Pham Minh Hoang, who has dual nationality, will be freed on January 13 after serving a 17-month sentence for attempted subversion but will still have to serve three years' house arrest, lawyer Tran Vu Hai told AFP.

Hai had hoped for greater leniency at the hearing, which lasted less than half a day in Ho Chi Minh City.

"I struggled a lot for him and of course, in my opinion, it would have been better if my client was immediately freed at the appeal process."

Hoang, who was arrested in August 2010, was originally sentenced in August this year to three years in prison for attempted subversion.

At that trial, a court in the southern city ruled that Hoang wrote 33 articles under the pen name Phan Kien Quoc, "blackening the image of the country" and aiming to topple the government.

Hoang, 56, expressed regret at his trial and asked for leniency.

"My writings were not aimed at overthrowing anyone," he testified at the time. "I only pointed out the negative things in society, and I think the country needs to be more democratic."
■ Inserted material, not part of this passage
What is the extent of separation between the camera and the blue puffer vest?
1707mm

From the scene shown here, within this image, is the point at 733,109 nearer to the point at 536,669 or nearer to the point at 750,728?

Rights groups had called for the appeals court to overturn the conviction and immediately release the blogger.

"Hoang was just expressing his views on subjects of public interest in Vietnam, a right guaranteed by the country's constitution," said Paris-based Reporters Without Borders.

Human Rights Watch said Hoang should never have been arrested in the first place.

"Peaceful activists like Pham Minh Hoang deserve to be heard by their fellow citizens, not silenced by the courts," the New York-based watchdog said in a statement.

Ahead of the appeal, Hai told AFP there were humanitarian reasons for a less severe punishment because Hoang's parents are almost 90 years old and he has a disabled brother.

Hoang went to France in 1973 but returned after 27 years to settle in Vietnam, where he worked as a mathematics lecturer at the Polytechnic University of Ho Chi Minh City, his wife has said.

In September France said it was "deeply disappointed" that its call for Hoang to be freed under a routine annual amnesty had not been heeded.

Dozens of peaceful political critics have been sentenced to long prison terms since Vietnam launched a crackdown on free expression in late 2009, according to Amnesty International.

Vietnam, a one-party state, says it has achieved significant progress on human rights.